COMMENT FROM DEBRA: Great tip! And the faster boil would save energy, too.

POSTED BY JULIE :: IN USA :: 10/19/2007 5:12 AM

Over the past six years I have attempted to remove all plastics from my food and drink preparation and storage, since I found that I was very sensitive to the hormone-like effects of off-gassing plastic (I got symptoms such as night sweats (at age 34!)and horrible menstrual cramps which disappeared as soon as I cut plastic out of my "diet").
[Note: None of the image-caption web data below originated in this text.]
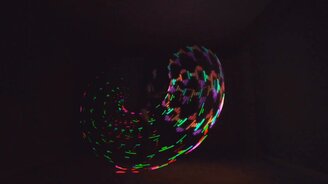 Цветной танец с обручем - смотреть видео (1:00)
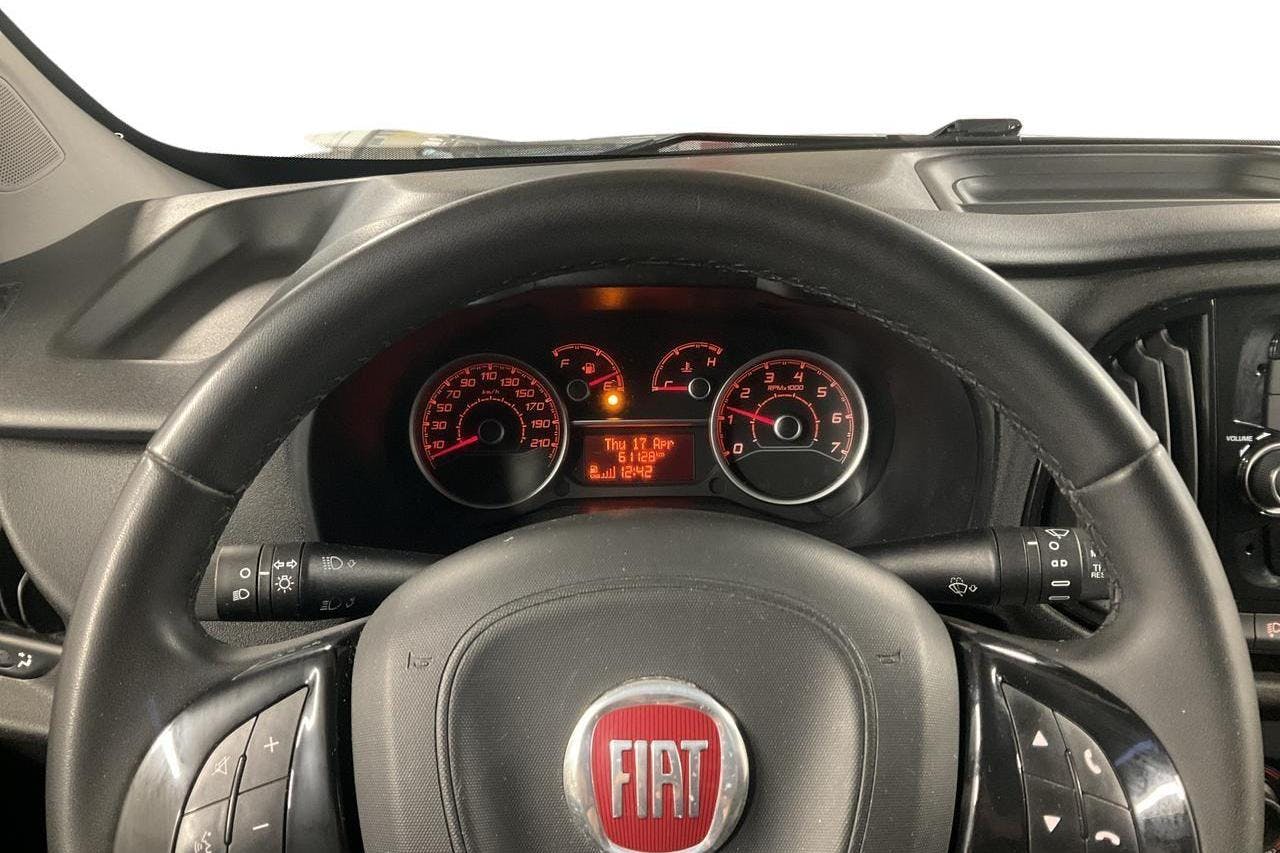 Fiat Doblo Cargo 1.4T CNG (120hk) - 61 130 km - Manualna - szary - 2019
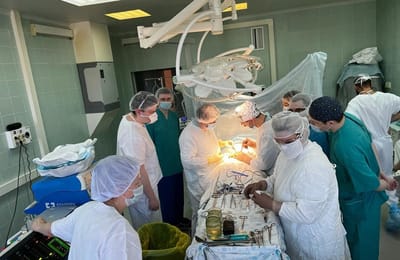 Трансплантацию части печени от родственного донора впервые выполнили в Иркутской области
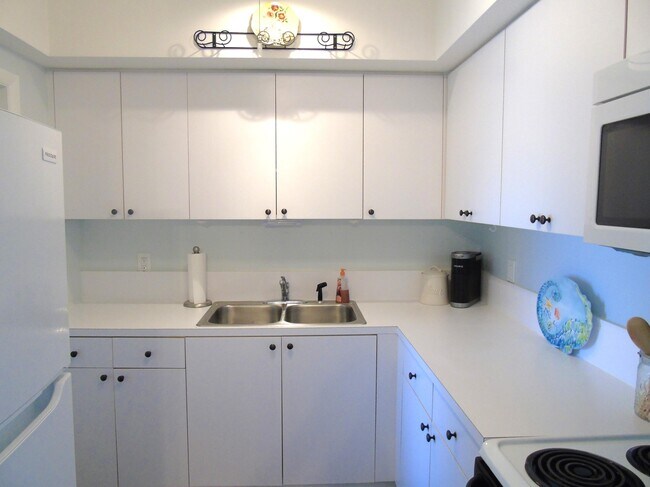 Building Photo - 309 Circle Dr S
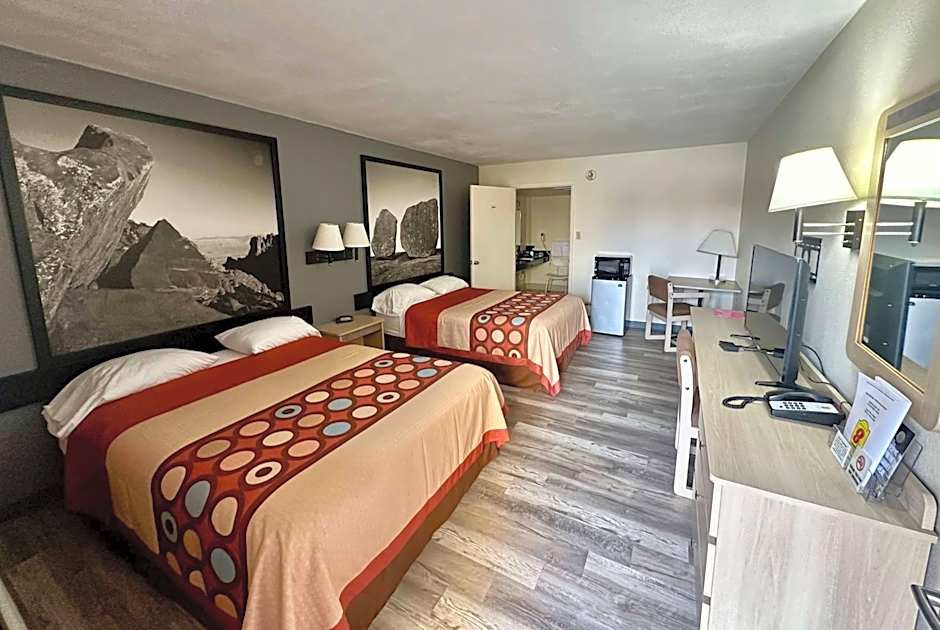 Super 8 by Wyndham Athens TX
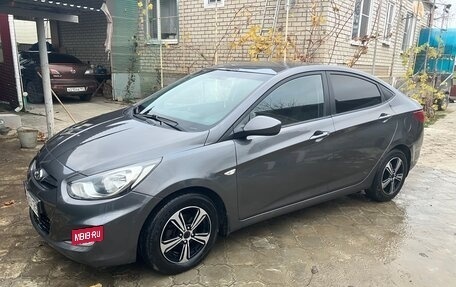 Hyundai Solaris II рестайлинг, 2012 год, 840 000 рублей, 5 фотография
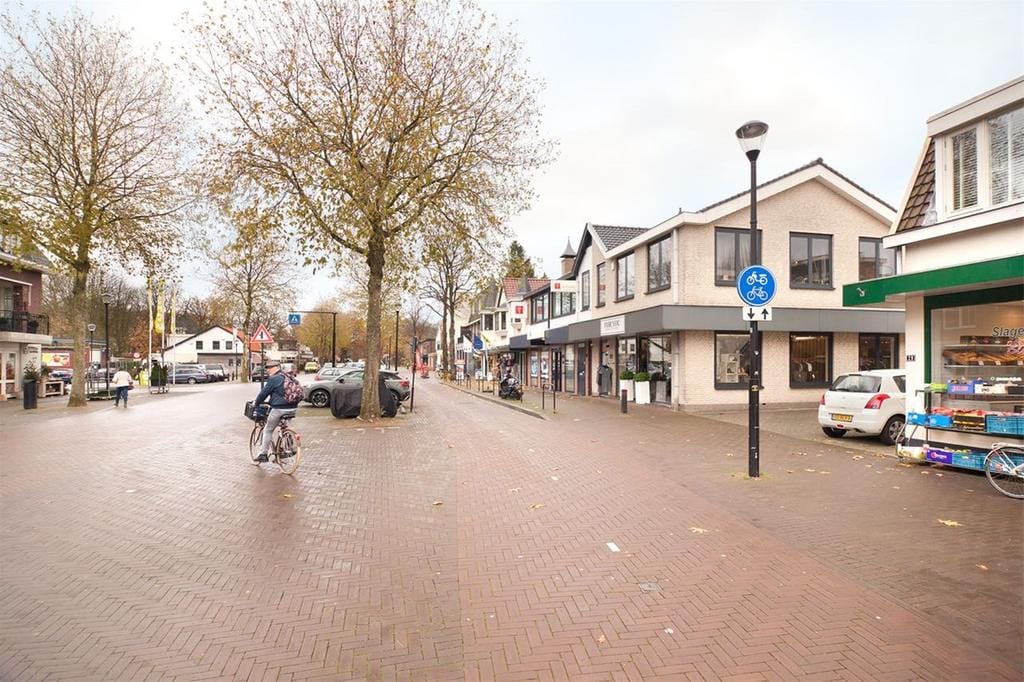 Photo 13 of Rademakerstraat 63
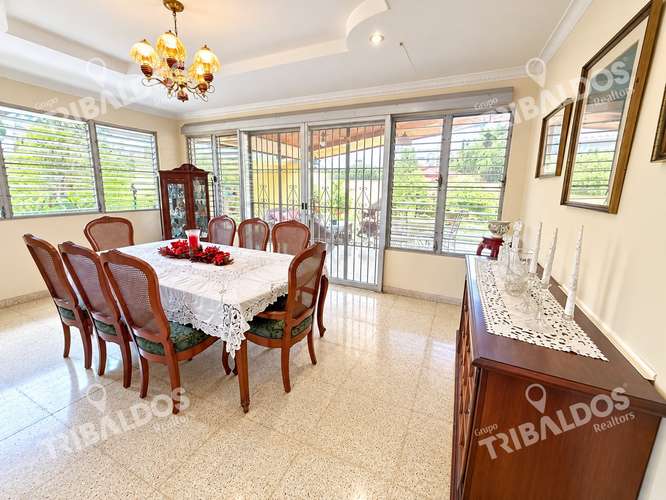 Venta de Casa Unifamiliar en San Francisco | 3 Recámaras, Amplia Terraza y 2 Estacionamientos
I hadn't use a plastic kettle for years, and then last fall I started a bodywork training program where they served tea in the lunch room during our mid-morning break. The water for the tea was heated in a plastic kettle. Within weeks I was experiencing night sweats again, and painful mastitis in my breasts (I've never been pregnant).

As soon as I stopped drinking tea at school, all my symptoms disappeared again.

I normally use a stainless steel kettle to boil water for my herbal tea at home; if I am visiting someplace where they have no stainless kettle, I use the pot trick mentioned in a previous response.